What is needed
Transcribe the data in full and exactly, omitting any pictures.

Supplied material

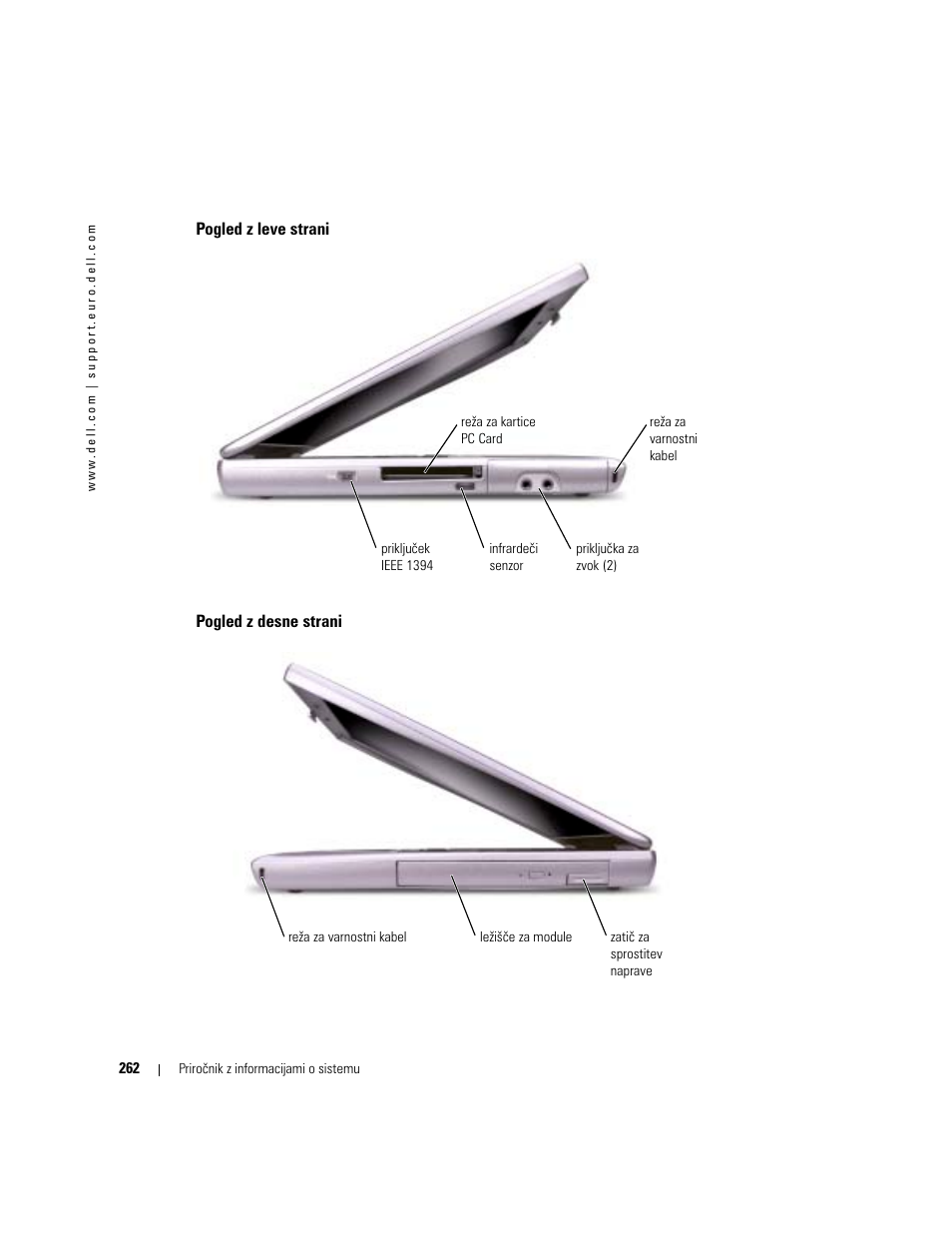Pogled z leve strani, Pogled z desne strani | Dell Latitude D505 User Manual | Page 264 / 322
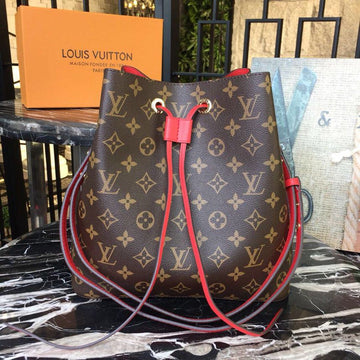 LV NeoNoe MM Bucket Bag Monogram Canvas Coquelicot Red For Womtlm, Womtlm’s Handbags, Shoulder And Crossbody Bags 10.2in/26cm LV M44021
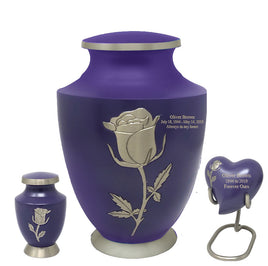 Solace Series - Purple Eternal Rose Cremation Urn - IUFH142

Response to this task
Pogled z leve strani, Pogled z desne strani | Dell Latitude D505 User Manual | Page 264 / 322
 LV NeoNoe MM Bucket Bag Monogram Canvas Coquelicot Red For Womtlm, Womtlm’s Handbags, Shoulder And Crossbody Bags 10.2in/26cm LV M44021
 Solace Series - Purple Eternal Rose Cremation Urn - IUFH142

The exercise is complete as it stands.